Usual suspects at an air base on July 15
With the first anniversary of July 15 approaching, understanding what happened that night at the Akıncı air base carries a particular importance in order to properly reveal the essence of this coup attempt. Because Akıncı airbase is the operational brain center for the July 15, 2016, coup attempt.
Akıncı, in this regard, is a location that can play a role in identifying the identities of those responsible of the coup. This is the place where the transmission line functioned on the night of July 15, between the soldiers who carried out the coup and the “civilian leg” that directed the coup and said the final word on behalf of the organization. And that night on this base, the civilian cadre who played a determining role in the coup activity takes us directly to the Pennsylvania address.
This base, first of all, worked as the main command center in the conduct and coordination of the coup operation throughout Turkey.
Besides, this is also the place where the Chief of Staff Gen. Hulusi Akar and other high level commanders were held hostage after being apprehended. Likewise, it is the place where the coup plotters tried to convince Akar to get him on their side and Akar tried to talk them out of it by directly speaking to them (the military leg) and sending indirect messages. The coup plotters had even intended to have Akar address Turkey on a state-run TRT broadcast.
The coup’s launch was also made at Akıncı. The special forces who would apprehend Akar had departed at this point by a white bus to the General Staff. Likewise, helicopters taking off from the Güvercinlik base first went to Akıncı and raged terror on Ankara airspace after getting their instruction from there.
The F-16s that pour death onto Ankara on the night of July 15 took off from this air base.
Just as the start of it, the coup’s terminating decision was also taken at Akıncı. The decision to give up came out from the 143rd fleet, where the organization’s civilian leg was based.

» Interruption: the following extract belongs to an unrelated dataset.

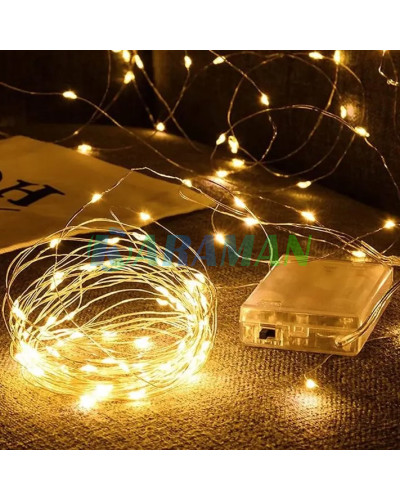 Xmas гірлянда 50 LED 5 м «Крапля роси» (теплий білий) на батарейках 1 режим. zar99wm (1ящ. = 200 шт.)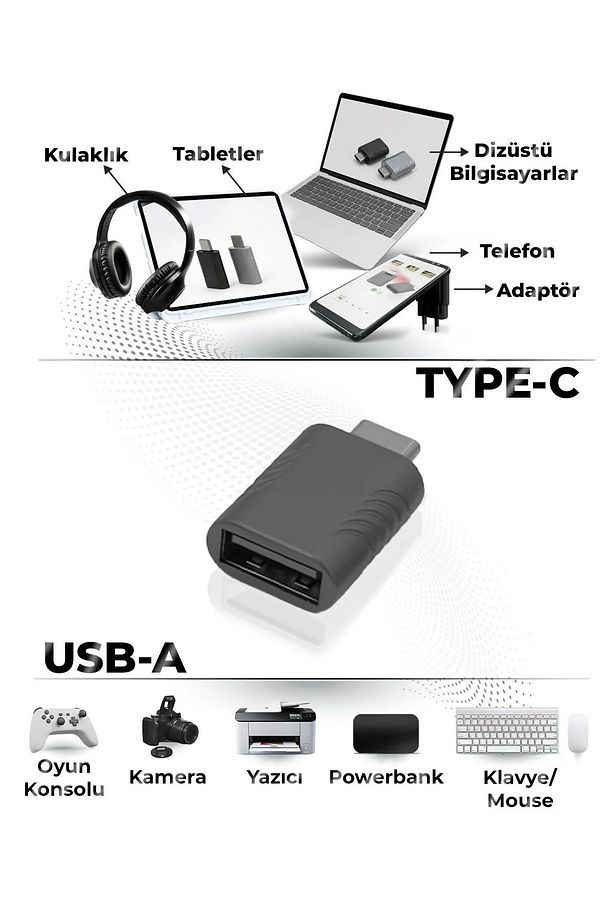 Type-c to Usb-A 3.0 Ve Usb 3.2 To Type-c Dönüştürücü 2'si 1 Arada - 3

Actually, everything we listed here, are essentially facts that the public opinion already knows. The dimension that requires a special focus on Akıncı is the fact that the civil executive components of the Fethullahist Terror Organization (FETÖ), which is on the brain team of the coup, showed up at this base on the night of July 15. As stated on the 4658-page long indictment, prepared by Ankara Chief Public Prosecutor’s Office, this operation was carried out on the headquarter of the 143rd fleet which is located on the northeast point of the central track in the base.
Various statements about that night indicates that during the time period from the night of July 15 to the early morning hours of July 16 many civilians showed up in the 143rd, using laptops and continuously being in contact with some places on the phone. An activity was carried out on the 143rd fleet.
The issue we should highlight is that only five of the civil executive cadre present that night at Akıncı appears as suspects mentioned in the indictments. There are six suspects on the “Civil executive Suspects” cluster (exluding the other four civilian suspects in the case). They are respectively: prime suspect Fethullah Gülen, second suspect Adil Öksüz, third suspect Kemal Batmaz, fourth suspect Hakan Çelik, fifth suspect Nurettin Oruç and sixth suspect Harun Biniş.
Öksüz is an academic of theology, Batmas is a businessman, Oruç is a former teacher who says he makes documentary films, Çiçek is a businessman who owns schools, and Biniş is an engineer who is also a computer software developer.
Was the number of civil executives in the Akıncı base that night higher?
Probably... We can also assume that there are also other civilian coup plotters who escaped when the coup attempt was unsuccessful.
Airforce ‘imam’ Adil Öksüz, in the civil executive group, is one of the key names of the coup who the government missed although he was caught by the gendarmerie at a field near the base. The other four names arrested around the base on the morning of July 16 are still under arrest.
What a coincidence that some of the suspects in this group flew to the U.S. together a short while before the coup.
We can turn our projectors on this civil executive cadre to see closer the finger prints of the Gülen movement on July 15.